Leo Strauss? Who’s He?

Plato, Hobbes, and Marx wrote  books that are called “great” but their arguments are fallacious, sometimes laughably so and their conclusions are “naïve,” if not outright pernicious. That’s Brendon Boyle’s contention in the current issue of Commentary magazine.

Boyle teaches classics at the University of North Carolina. He’s reviewing W.G. Runciman’s Great Books, Bad Arguments: Republic, Leviathan, and The Communist Manifesto (Princeton University Press).

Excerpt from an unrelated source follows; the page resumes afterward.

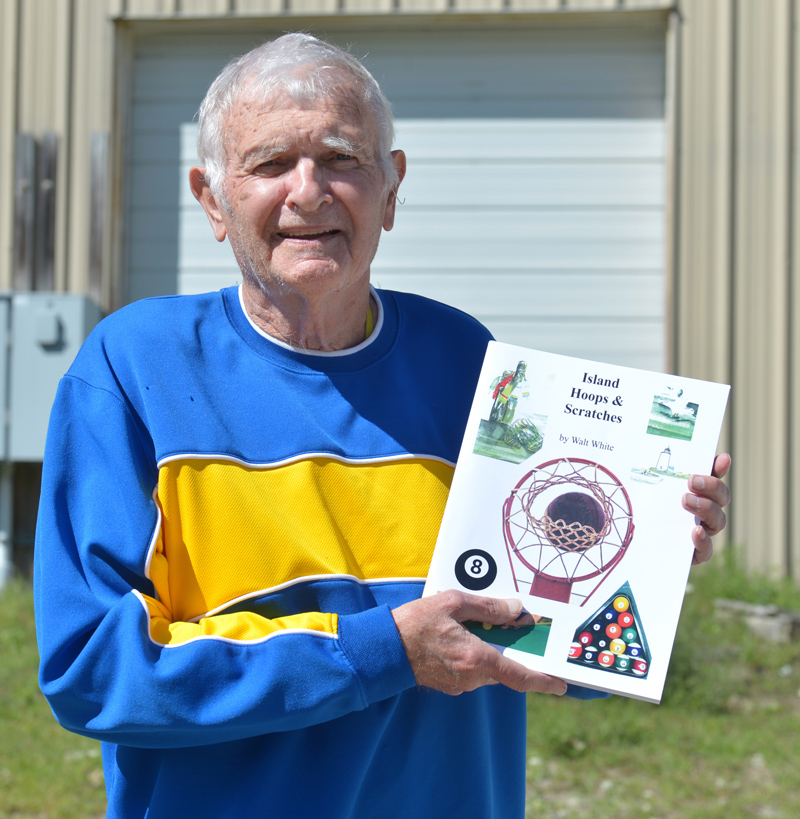 Walter White, of Waldoboro, holds a copy of his second sports history book, "Island Hoops & Scratches," which is about playing basketball and billiards on Vinalhaven. (Paula Roberts photo)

Here’s how Runciman himself puts the matter: “Plato, Hobbes, and Marx are all convinced in their different ways that once the right people are in power, they will want to do the right thing and will know how to do it, so that harmony and order will thereafter prevail.” The argument’s “specious,” he says. “Look around you.”

I agree with Runciman this far: it’s pie in the sky to think that justice will prevail once the “right people” are permanently installed at the top. But I was taught that Plato intends us to reach that conclusion.

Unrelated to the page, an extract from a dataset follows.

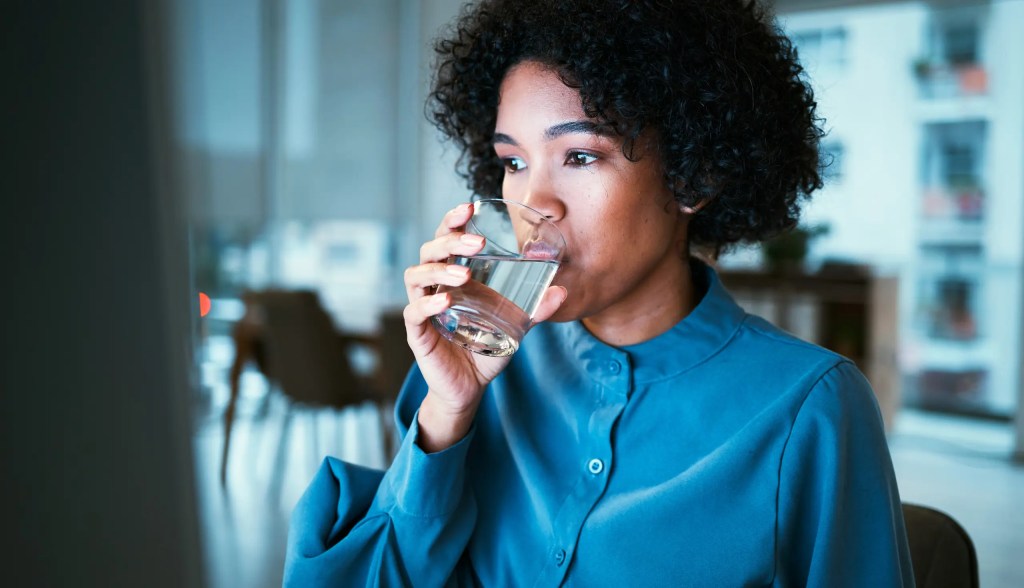 Woman in blue blouse drinking water at her computer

Where’s Leo Strauss when we need him? Strauss famously argues that Plato wishes us to conclude that the Just City as Socrates describes it in the Republic is impossible:  it’s ludicrous and pernicious. The Republic “conveys the broadest and deepest analysis of political idealism ever made” (Strauss, The City and Man, page 127).

I won’t pick a quarrel with Runiciman. He should have read Strauss, but he’s a Britisher and Britishers don’t always read Americans. (You Tube has Runciman’s lecture on the three authors, given at Trinity College, Cambridge.)

It’s Boyle, the reviewer, who concerns me. He’s writing in Commentary, the homeland journal of the neo-conservative movement in the United States and he appears to be completely ignorant of the argument about the Republic made by the man who is known to some of his friends and most of his adversaries as America’s greatest neo-conservative philosopher. A generation has arisen that knows not Leo Strauss! Say it isn’t so.

Boyle admits that we should probably go on reading Plato, Hobbes, and Marx.  Their books are not “good” but they do, in some fashion, “… lend an education – and a life – vitality.” I don’t know what to make of this remark about vitality, and I don’t think Boyle does either.

7 Responses to “Leo Strauss? Who’s He?”


  1. 1 _______ September 17, 2010 at 8:45 pm

    Rick Salutin just wrote a piece about Strauss in the G&M. He seems to think that Stephen Harper is a Straussian… Since apparently even right-wing academics don’t know much about Strauss, I am not sure Salutin is an expert.

    Maybe you could put a reply to Salutin on your blog. Explain the main tenets of his thought… Would be a public service.

  2. 2 janetajzenstat September 19, 2010 at 8:24 pm

    The current issue of the Claremont Review of Books (Volume X, Number 3, Summer 2010) contains an article by Michael P. Zuckert entitled “The Strauss Wars Revisited.” I’d send it to Rick Salutin, but, dear friend, I think Salutin has long ago made up his mind on the subject of Leo Strauss and many other matters. He would not appreciate my efforts.

  3. 3 Craig September 22, 2010 at 7:00 pm

    Janet,

    What do you think of Strauss’ methodology – particularly the idea of secret or esoteric writing? It is what underlies his conclusions about Plato (not to mention his very flawed take on Locke).

  4. 4 janetajzenstat September 26, 2010 at 6:25 pm

    Strauss’ methodology: I accept his idea that writers keep their readers in mind.(You write a Ph.D. thesis this way, a blog that way.) I accept the idea that writers sometimes deliberately leave out a dimension of the argument. In short I agree with Strauss to this point: to understand a text it helps to think about the addressees. Does the author have in mind readers centuries in the future? Radio listeners in wartime Britain? Giller prize judges?

    But the methodology surely betrays Strauss in his reading of Locke – as you suggest. When I read first read Locke’s Second Treatise of Government, I was encouraged to think that he quotes frequently from the Old Testament in order to placate religious authorities. I am now persuaded that he means those Biblical quotations to illustrate and illuminate his argument. I agree with Jeremy Waldron on this matter.